Blogger Don P said...

I think that going over the "sausage making" details of how a concert comes together makes us appreciate the concert that much more -- it's all too easy for us "non-cognoscenti" to take for granted what is obviously a LOT of work, above and beyond performing the concert itself. Thanks a lot for those enlightening details!

One thought. Sarah: Your comments about 21st century technology making possible performances of 18th century music are intriguing. In fact, I think that if you can come up with other examples, you have the germ of a good feature story for the Star-Trib or Pioneer Press (not to mention the TV stations). I'm not in the newspaper business any more, but IMHO I think it would be a natural. You should suggest it to whoever does PR for the MO.

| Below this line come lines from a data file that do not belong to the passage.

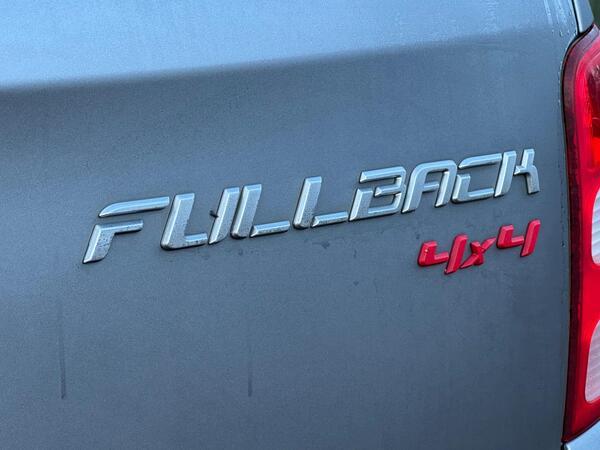 Fiat Fullback 2.4D LX Auto 4WD Euro 6 4dr (Euro 6)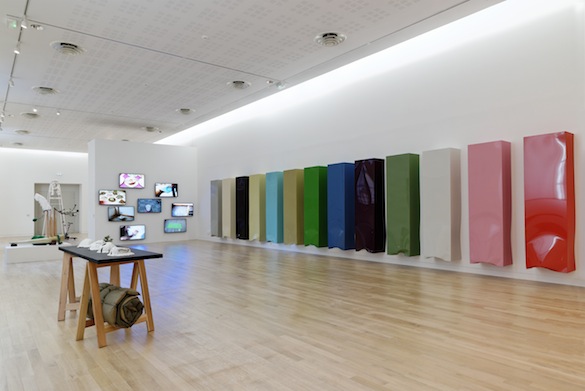 Vue de l’exposition Le droit à la paresse, Musée des beaux-arts de Rennes © Aurélien Mole pour PLAY TIME, 2014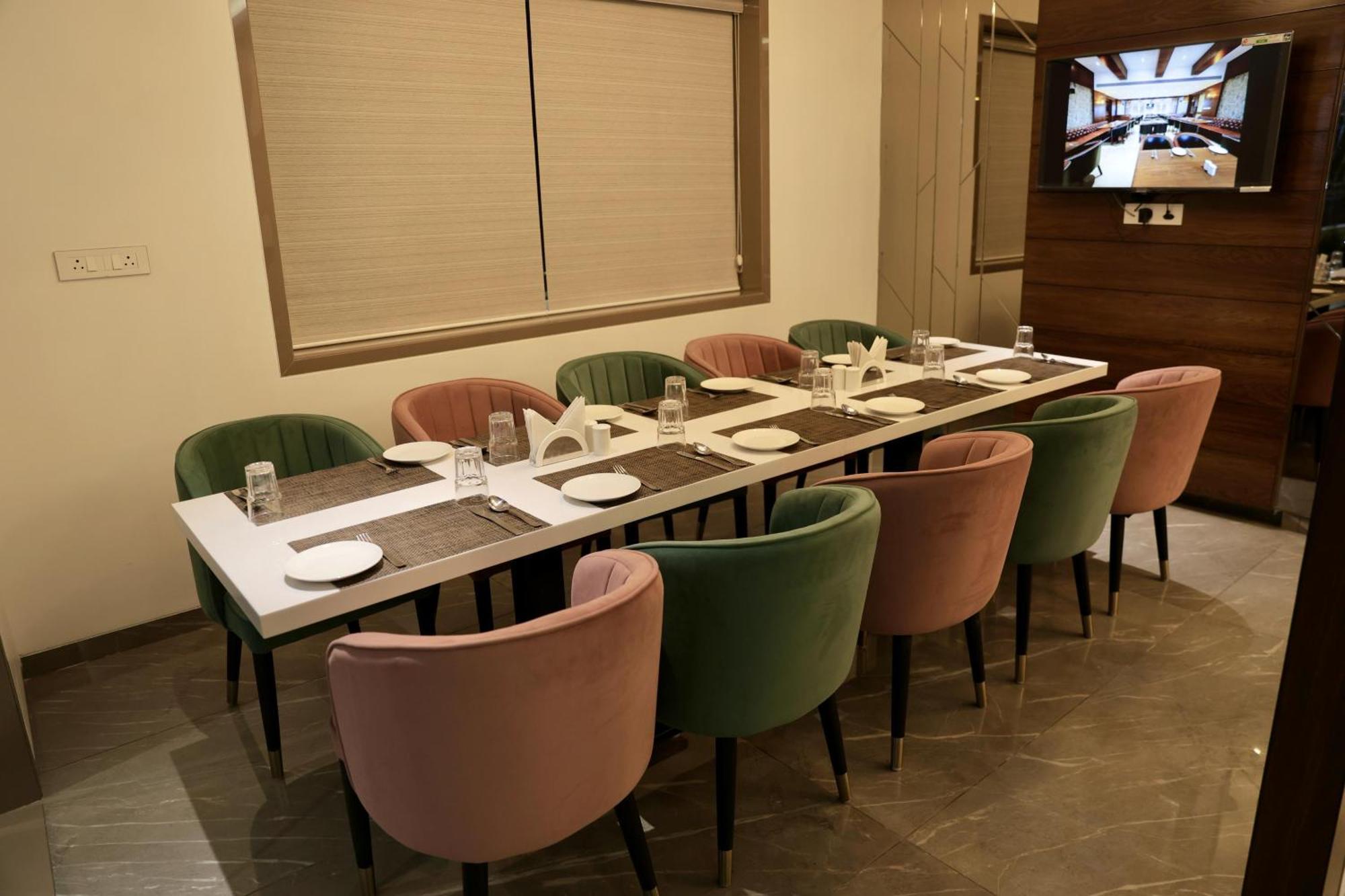 Hotel Carnival Parbhani Ngoại thất bức ảnh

I look forward to hearing all the fruits of this next week.

Don

January 22, 2008 at 8:28 PM  
Blogger Sam said...

This, of course, presumes that there's anyone left at the Strib or the PiPress to write such an article. It's been a bit of a rough couple of years in the arts journalism world, and neither of our local dailies even employs a full-time classical music critic anymore!

(That having been said, theatre writer Graydon Royce at the Strib has done an admirable job of learning the orchestra beat on the fly this season, and Dominic Papatola has morphed from the PiPress's theatre critic to the closest thing these cities have to an all-purpose arts gadfly. Now if only we could get City Pages to acknowledge that we exist...)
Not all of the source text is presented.